### Exercise prompt
From the data underneath, reproduce exactly the stretch that begins at the line with "Rotolino di rombo e salmone alla senape" and ends after the line with "office教程 Excel如何将蓝色背景的数据在XY散点图中用红色表现出来？".

### Information shown
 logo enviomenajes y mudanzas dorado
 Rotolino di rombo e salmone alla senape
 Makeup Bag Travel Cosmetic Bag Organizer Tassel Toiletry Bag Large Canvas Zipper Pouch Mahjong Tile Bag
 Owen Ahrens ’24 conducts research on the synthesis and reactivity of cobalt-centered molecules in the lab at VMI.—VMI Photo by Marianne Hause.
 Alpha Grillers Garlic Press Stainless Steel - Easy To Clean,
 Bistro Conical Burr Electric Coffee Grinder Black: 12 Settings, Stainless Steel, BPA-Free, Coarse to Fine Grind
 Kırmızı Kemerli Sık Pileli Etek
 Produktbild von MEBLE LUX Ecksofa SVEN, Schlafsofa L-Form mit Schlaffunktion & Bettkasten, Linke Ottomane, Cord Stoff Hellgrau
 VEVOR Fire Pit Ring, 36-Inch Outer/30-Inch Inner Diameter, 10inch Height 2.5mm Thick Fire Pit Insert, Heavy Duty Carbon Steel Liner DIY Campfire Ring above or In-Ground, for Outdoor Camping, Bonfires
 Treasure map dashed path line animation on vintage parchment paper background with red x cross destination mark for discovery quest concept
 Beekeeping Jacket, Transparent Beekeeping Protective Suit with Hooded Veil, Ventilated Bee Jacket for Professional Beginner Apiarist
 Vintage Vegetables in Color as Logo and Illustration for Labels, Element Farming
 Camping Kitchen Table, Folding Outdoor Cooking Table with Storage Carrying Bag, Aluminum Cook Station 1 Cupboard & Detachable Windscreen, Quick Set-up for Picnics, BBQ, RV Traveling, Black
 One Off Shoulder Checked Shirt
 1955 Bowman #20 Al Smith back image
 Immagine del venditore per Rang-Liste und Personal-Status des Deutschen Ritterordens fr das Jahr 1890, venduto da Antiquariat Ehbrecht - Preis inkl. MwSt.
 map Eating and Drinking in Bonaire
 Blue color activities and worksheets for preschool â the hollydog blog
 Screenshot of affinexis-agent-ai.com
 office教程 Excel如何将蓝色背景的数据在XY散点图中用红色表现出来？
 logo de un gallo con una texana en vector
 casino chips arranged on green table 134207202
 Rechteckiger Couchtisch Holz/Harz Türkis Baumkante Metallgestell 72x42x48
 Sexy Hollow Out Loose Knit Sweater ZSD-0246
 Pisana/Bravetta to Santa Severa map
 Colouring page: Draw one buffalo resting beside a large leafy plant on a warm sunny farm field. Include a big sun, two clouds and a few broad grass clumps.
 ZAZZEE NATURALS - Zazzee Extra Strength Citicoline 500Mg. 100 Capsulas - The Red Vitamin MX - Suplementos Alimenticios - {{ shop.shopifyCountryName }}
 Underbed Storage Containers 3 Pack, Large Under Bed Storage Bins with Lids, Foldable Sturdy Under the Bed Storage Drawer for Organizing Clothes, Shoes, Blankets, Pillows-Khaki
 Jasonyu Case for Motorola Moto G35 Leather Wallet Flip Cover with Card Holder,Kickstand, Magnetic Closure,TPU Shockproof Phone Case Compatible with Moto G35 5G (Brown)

### Written response
 Rotolino di rombo e salmone alla senape
 Makeup Bag Travel Cosmetic Bag Organizer Tassel Toiletry Bag Large Canvas Zipper Pouch Mahjong Tile Bag
 Owen Ahrens ’24 conducts research on the synthesis and reactivity of cobalt-centered molecules in the lab at VMI.—VMI Photo by Marianne Hause.
 Alpha Grillers Garlic Press Stainless Steel - Easy To Clean,
 Bistro Conical Burr Electric Coffee Grinder Black: 12 Settings, Stainless Steel, BPA-Free, Coarse to Fine Grind
 Kırmızı Kemerli Sık Pileli Etek
 Produktbild von MEBLE LUX Ecksofa SVEN, Schlafsofa L-Form mit Schlaffunktion & Bettkasten, Linke Ottomane, Cord Stoff Hellgrau
 VEVOR Fire Pit Ring, 36-Inch Outer/30-Inch Inner Diameter, 10inch Height 2.5mm Thick Fire Pit Insert, Heavy Duty Carbon Steel Liner DIY Campfire Ring above or In-Ground, for Outdoor Camping, Bonfires
 Treasure map dashed path line animation on vintage parchment paper background with red x cross destination mark for discovery quest concept
 Beekeeping Jacket, Transparent Beekeeping Protective Suit with Hooded Veil, Ventilated Bee Jacket for Professional Beginner Apiarist
 Vintage Vegetables in Color as Logo and Illustration for Labels, Element Farming
 Camping Kitchen Table, Folding Outdoor Cooking Table with Storage Carrying Bag, Aluminum Cook Station 1 Cupboard & Detachable Windscreen, Quick Set-up for Picnics, BBQ, RV Traveling, Black
 One Off Shoulder Checked Shirt
 1955 Bowman #20 Al Smith back image
 Immagine del venditore per Rang-Liste und Personal-Status des Deutschen Ritterordens fr das Jahr 1890, venduto da Antiquariat Ehbrecht - Preis inkl. MwSt.
 map Eating and Drinking in Bonaire
 Blue color activities and worksheets for preschool â the hollydog blog
 Screenshot of affinexis-agent-ai.com
 office教程 Excel如何将蓝色背景的数据在XY散点图中用红色表现出来？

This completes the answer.